━━━━━ Excerpted data

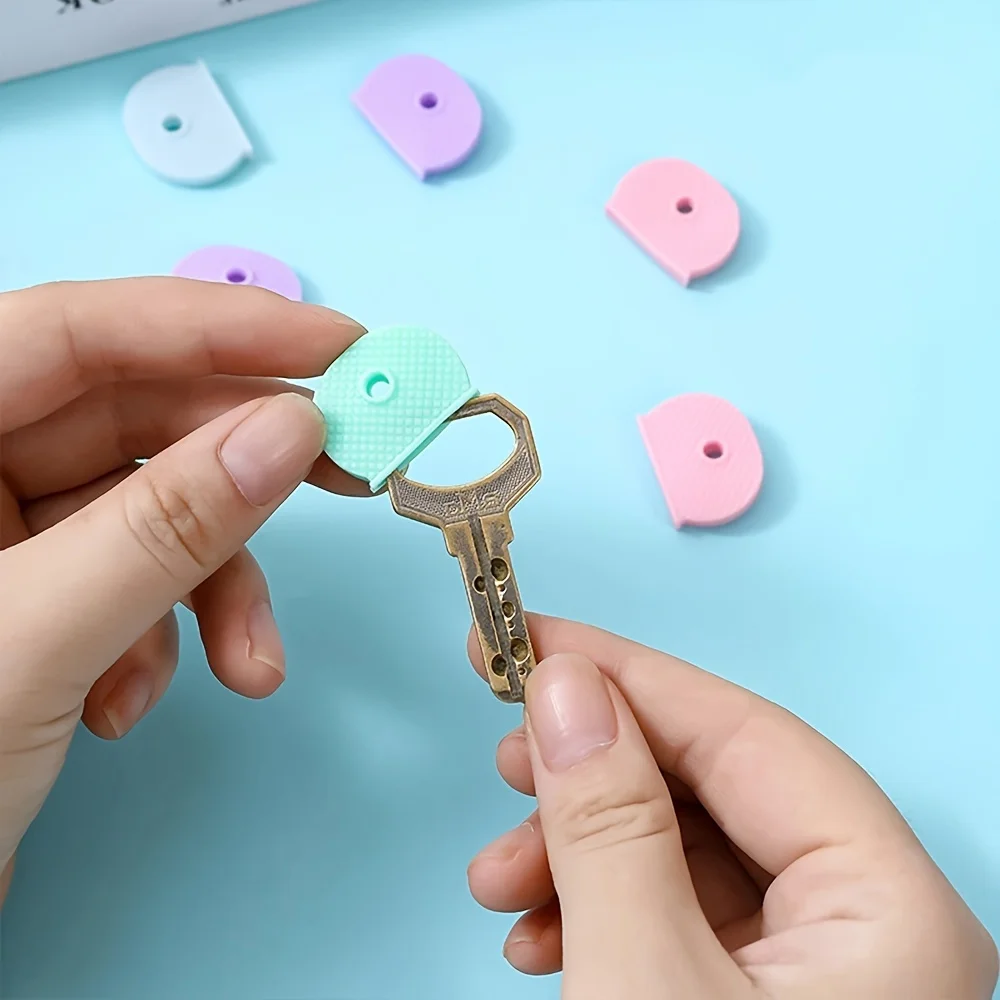 5-20pc Color Key Cap Covers Elastic Key Identification Organizer Soft Silicone Topper Easy Identify Universal Protection Cover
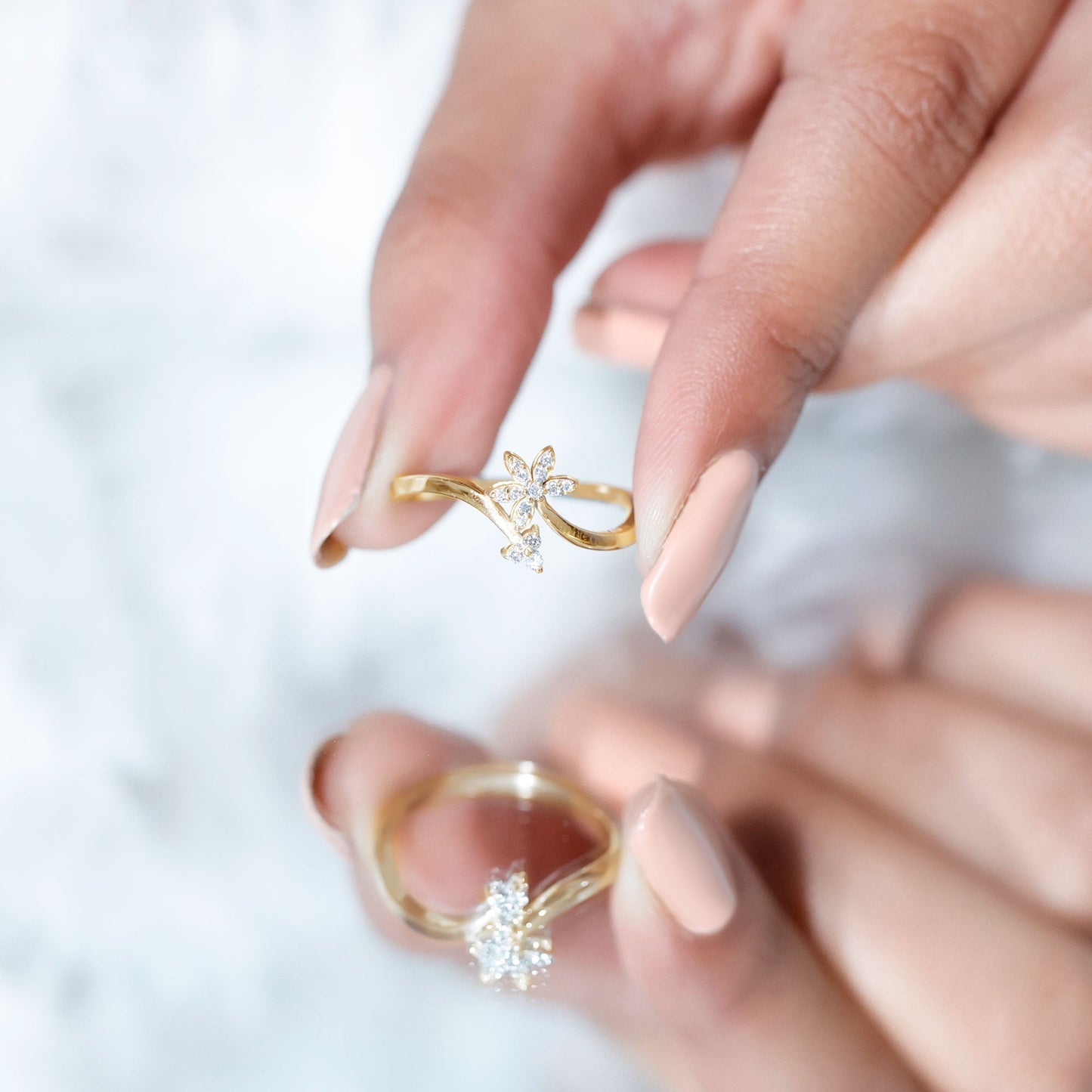 Diamond Floral Ring with Curved Shank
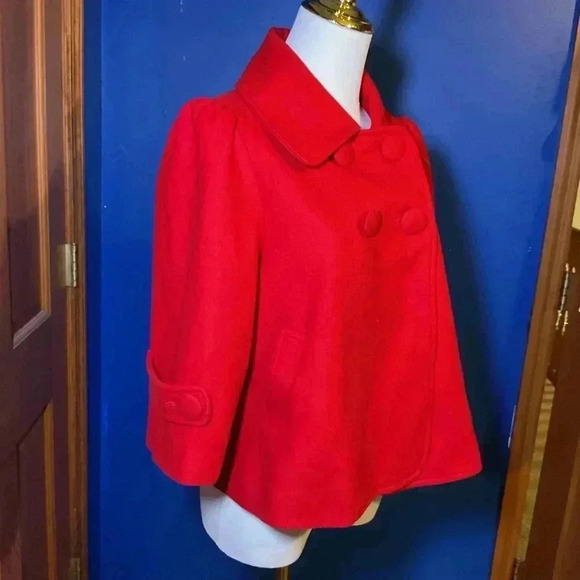 Forever 21 Red Wool Blend Women's Double-Breasted Jacket Size large - Picture 3 of 10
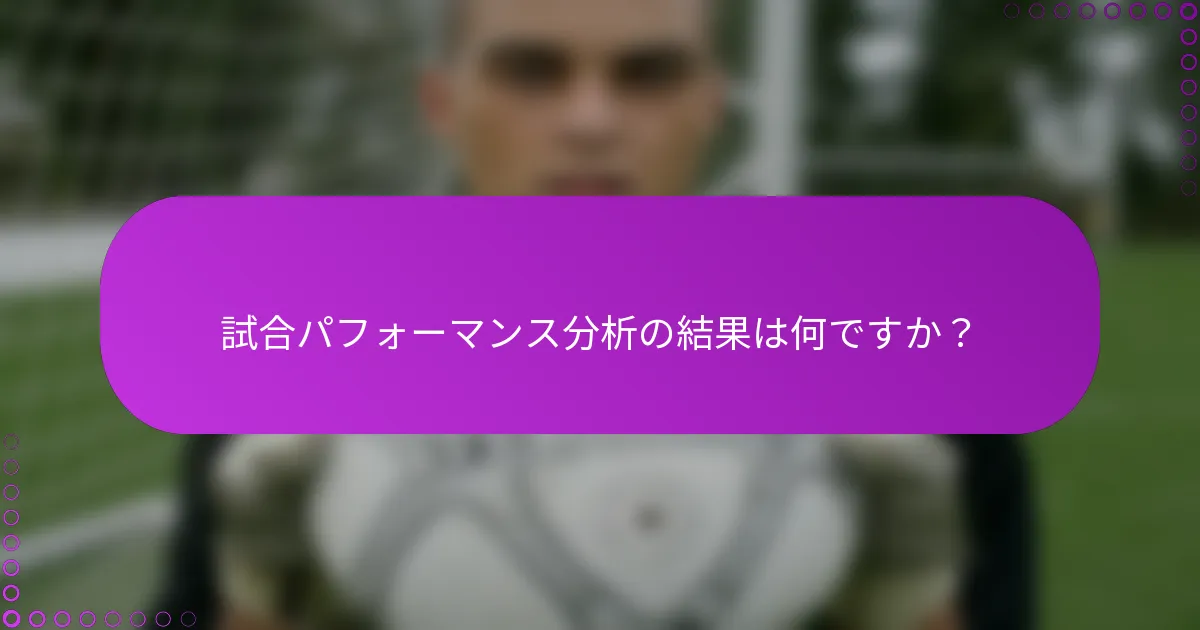 試合パフォーマンス分析の結果は何ですか？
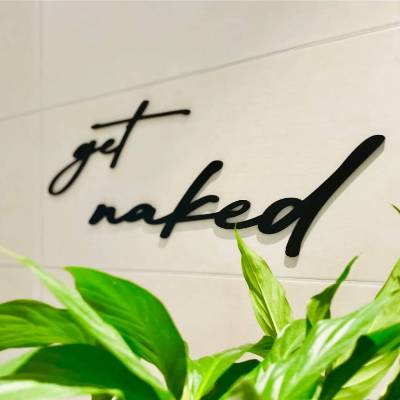 Wandspruch „get naked“, Badezimmerdekoration, Wandspruch, Schlafzimmerdekoration, witziger Wandspruch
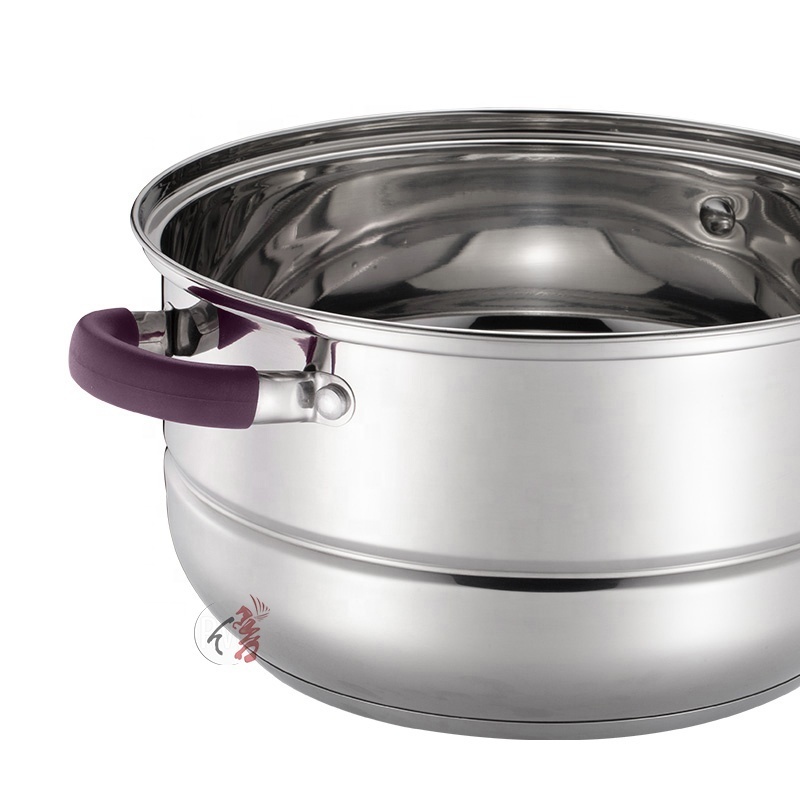 Induction Bottom Cooking Pot 2 Layer Stainless Steel Steamer Pot Cookware With Glass Lid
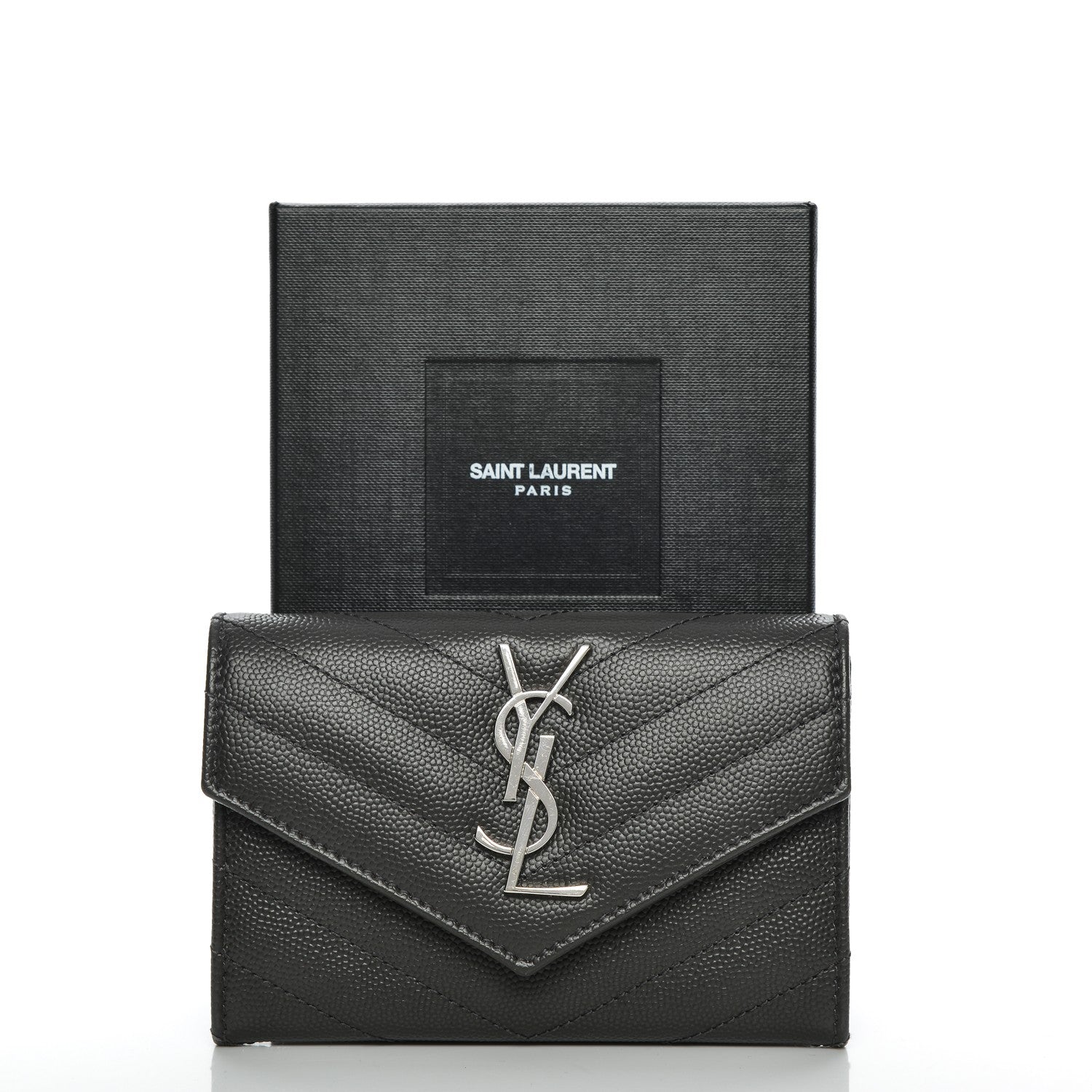 Saint Laurent Grain De Poudre Matelasse Chevron Small Monogram Envelope Wallet Coal 8 of 8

━━━━━━━━━━

**Work request**. Please repeat every record above exactly, leaving the pictures out.

**Solution**.
 5-20pc Color Key Cap Covers Elastic Key Identification Organizer Soft Silicone Topper Easy Identify Universal Protection Cover
 Diamond Floral Ring with Curved Shank
 Forever 21 Red Wool Blend Women's Double-Breasted Jacket Size large - Picture 3 of 10
 試合パフォーマンス分析の結果は何ですか？
 Wandspruch „get naked“, Badezimmerdekoration, Wandspruch, Schlafzimmerdekoration, witziger Wandspruch
 Induction Bottom Cooking Pot 2 Layer Stainless Steel Steamer Pot Cookware With Glass Lid
 Saint Laurent Grain De Poudre Matelasse Chevron Small Monogram Envelope Wallet Coal 8 of 8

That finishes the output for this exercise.